This post is part of a collection of posts written in 2016 for Glenwood’s 150 year celebration. To see the map and full list of locations included in the walking tour, click here.
Conrad Building – Now part of the Village Inn
Built in 1907 on the east side of Franklin Street (21 South Franklin Street) in the middle of the block between the alley and Green Street (Second Avenue SE)
Tenants included: Goodrich Drug Company 1907-1911, McMillan Restaurant 1914-?, Berry’s Undertaking Parlor – 1920, Swanson Bakery 1921-1927, Boston Cafe 1927-1947, Setter Drug 1948 – 1963, and the Glenwood Jaycee Hall.
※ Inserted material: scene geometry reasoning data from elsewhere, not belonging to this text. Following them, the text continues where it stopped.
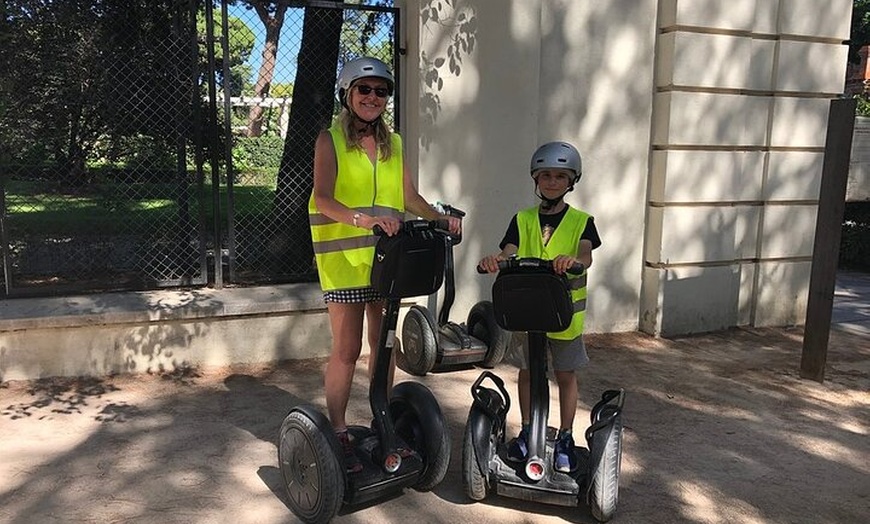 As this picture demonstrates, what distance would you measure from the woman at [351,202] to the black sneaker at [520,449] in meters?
0.71

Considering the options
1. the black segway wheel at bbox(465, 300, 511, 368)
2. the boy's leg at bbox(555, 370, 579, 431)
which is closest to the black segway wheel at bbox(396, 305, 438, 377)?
the black segway wheel at bbox(465, 300, 511, 368)

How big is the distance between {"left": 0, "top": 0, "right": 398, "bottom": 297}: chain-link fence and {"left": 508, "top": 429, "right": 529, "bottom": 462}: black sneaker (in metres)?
3.18

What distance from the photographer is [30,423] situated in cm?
406

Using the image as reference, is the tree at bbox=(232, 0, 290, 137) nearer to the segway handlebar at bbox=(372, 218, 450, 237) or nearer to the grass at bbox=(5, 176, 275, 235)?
the grass at bbox=(5, 176, 275, 235)

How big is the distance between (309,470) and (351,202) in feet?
3.77

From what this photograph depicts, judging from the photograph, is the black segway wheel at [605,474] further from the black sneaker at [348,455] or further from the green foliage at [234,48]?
the green foliage at [234,48]

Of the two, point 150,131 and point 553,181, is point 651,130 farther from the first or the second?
point 150,131

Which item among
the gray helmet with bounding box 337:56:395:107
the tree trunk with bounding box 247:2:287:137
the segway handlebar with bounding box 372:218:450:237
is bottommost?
the segway handlebar with bounding box 372:218:450:237

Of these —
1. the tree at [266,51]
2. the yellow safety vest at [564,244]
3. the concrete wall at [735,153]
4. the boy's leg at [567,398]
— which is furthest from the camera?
the concrete wall at [735,153]

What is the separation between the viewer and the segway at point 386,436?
279 centimetres

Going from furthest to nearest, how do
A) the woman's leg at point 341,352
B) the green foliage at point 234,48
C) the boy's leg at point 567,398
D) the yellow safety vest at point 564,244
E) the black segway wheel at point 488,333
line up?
1. the green foliage at point 234,48
2. the black segway wheel at point 488,333
3. the boy's leg at point 567,398
4. the yellow safety vest at point 564,244
5. the woman's leg at point 341,352

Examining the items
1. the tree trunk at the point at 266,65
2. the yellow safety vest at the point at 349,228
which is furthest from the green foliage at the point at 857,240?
the yellow safety vest at the point at 349,228

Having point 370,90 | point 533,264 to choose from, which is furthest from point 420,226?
point 370,90

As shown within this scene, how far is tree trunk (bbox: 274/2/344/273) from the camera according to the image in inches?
228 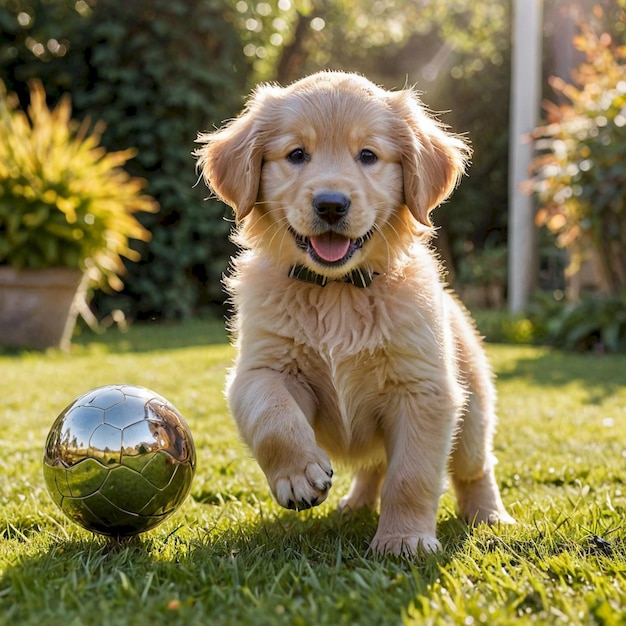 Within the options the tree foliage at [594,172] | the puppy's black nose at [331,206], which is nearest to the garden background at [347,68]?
the tree foliage at [594,172]

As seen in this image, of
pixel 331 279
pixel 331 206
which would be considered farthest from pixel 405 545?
pixel 331 206

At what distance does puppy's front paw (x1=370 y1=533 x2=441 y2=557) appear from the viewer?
92.4 inches

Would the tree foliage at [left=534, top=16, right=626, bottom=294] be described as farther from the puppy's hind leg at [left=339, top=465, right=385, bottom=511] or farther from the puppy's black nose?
the puppy's black nose

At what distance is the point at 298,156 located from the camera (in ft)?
9.30

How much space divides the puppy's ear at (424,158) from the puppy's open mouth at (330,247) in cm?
28

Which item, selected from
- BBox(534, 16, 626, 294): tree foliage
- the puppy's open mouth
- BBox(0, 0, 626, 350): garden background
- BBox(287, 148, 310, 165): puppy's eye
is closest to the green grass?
the puppy's open mouth

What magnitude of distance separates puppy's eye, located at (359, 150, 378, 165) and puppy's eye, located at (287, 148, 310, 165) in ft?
0.59

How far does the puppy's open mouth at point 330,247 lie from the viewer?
105 inches

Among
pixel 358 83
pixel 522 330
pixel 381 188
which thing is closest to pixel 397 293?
pixel 381 188

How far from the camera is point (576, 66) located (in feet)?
43.4

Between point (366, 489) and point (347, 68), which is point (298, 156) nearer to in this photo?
point (366, 489)

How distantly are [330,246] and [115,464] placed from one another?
951 mm

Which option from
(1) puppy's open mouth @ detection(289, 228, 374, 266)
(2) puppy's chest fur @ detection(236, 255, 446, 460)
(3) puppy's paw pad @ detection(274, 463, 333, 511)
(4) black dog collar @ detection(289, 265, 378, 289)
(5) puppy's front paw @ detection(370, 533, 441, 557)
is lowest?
(5) puppy's front paw @ detection(370, 533, 441, 557)

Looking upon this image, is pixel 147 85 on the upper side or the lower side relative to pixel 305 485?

It is currently part of the Village Inn / Village Cafe and often used as a meeting room
Probably the most famous business to use the Building was Swanson Bakery. Charles Swanson took over the baking department in the basement of the Rogers Hotel in 1914. Ten years later his bakery building on First Avenue SE was baking 6,500 loaves daily shipping to 36 towns in the area. The flour bins on the second floor could hold 500 barrels of flour. By 1929 Swanson’s Sonny Boy Bread was distributed to 125 towns in three states, and was the first to market sliced bread in this region. It closed in 1941.